-- SOURCE DATA --
BEGIN

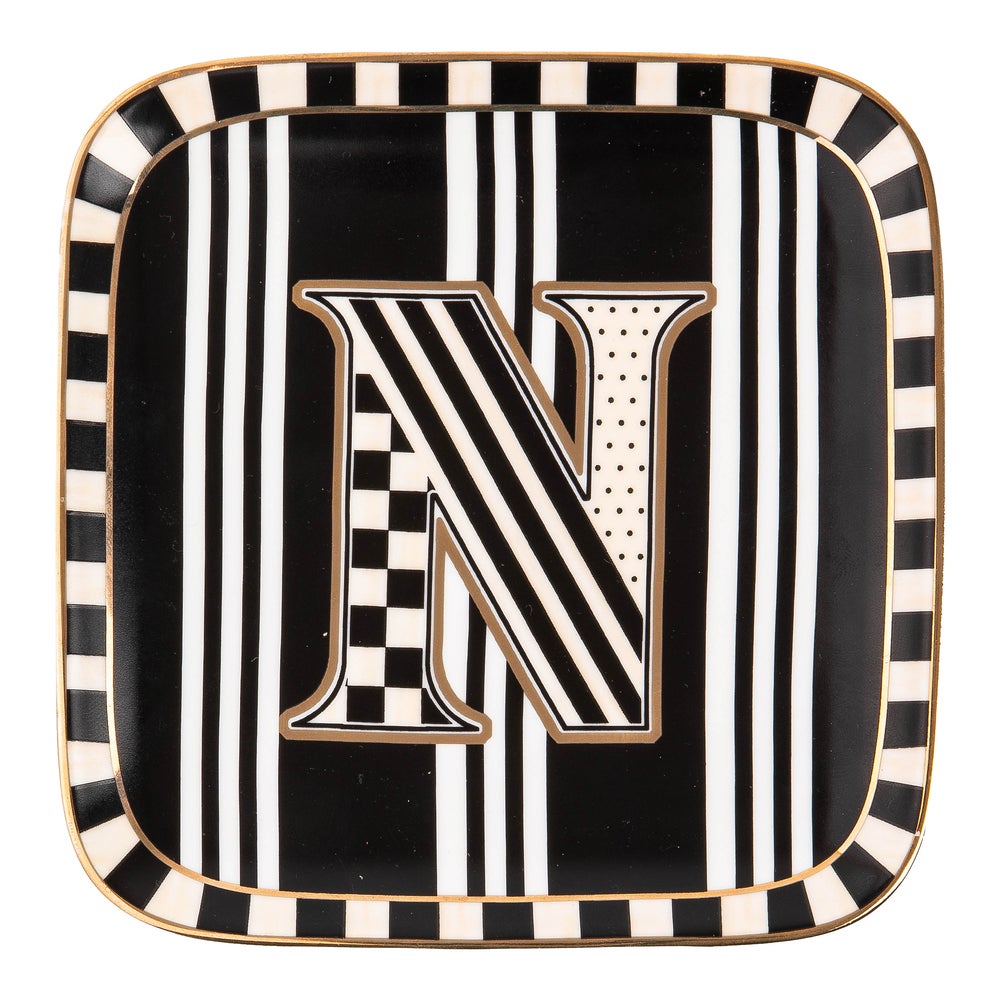 Monogram Dish - N mackenzie-childs Panama imagen 1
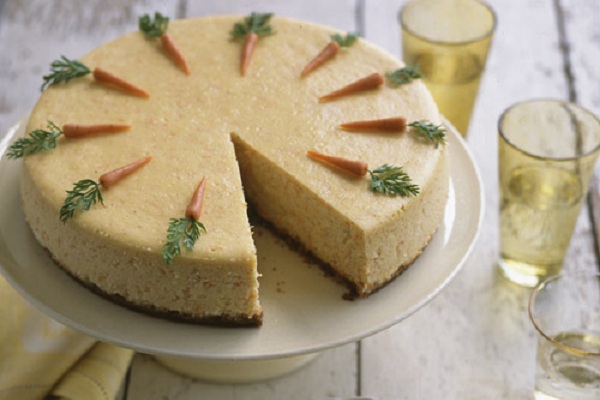 cheesecake, carrot cake, Easter, dessert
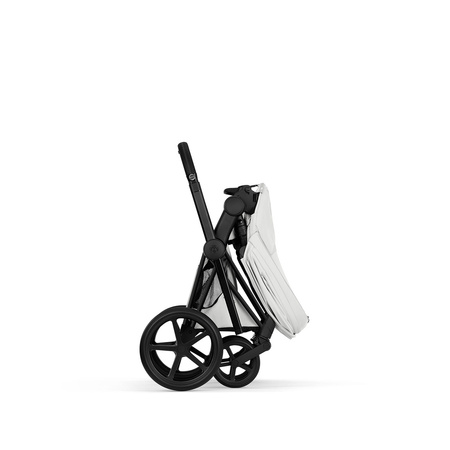 Cybex Priam 5.0 Matt Black Off White wózek 2w1 głęboko-spacerowy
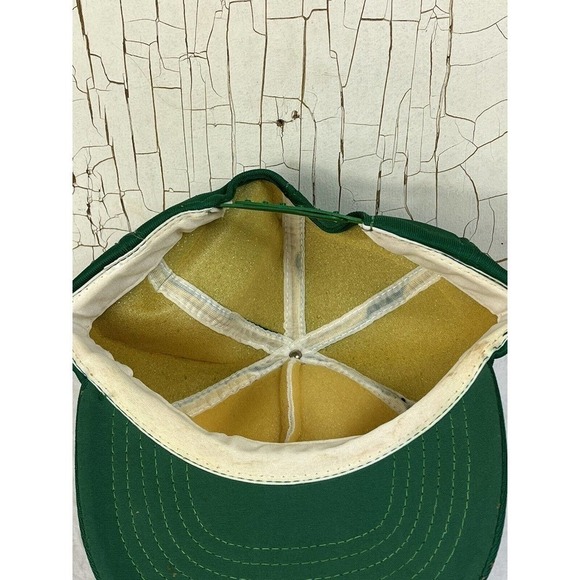 Vintage Continental Emasco Green & White Oil And Gas Snap Back Trucker Hat - Picture 4 of 7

END

-- REQUIRED WORK --
A word-for-word copy of the listing is needed, with no pictures in it.

-- ANSWER TO THIS PROBLEM --
 Monogram Dish - N mackenzie-childs Panama imagen 1
 cheesecake, carrot cake, Easter, dessert
 Cybex Priam 5.0 Matt Black Off White wózek 2w1 głęboko-spacerowy
 Vintage Continental Emasco Green & White Oil And Gas Snap Back Trucker Hat - Picture 4 of 7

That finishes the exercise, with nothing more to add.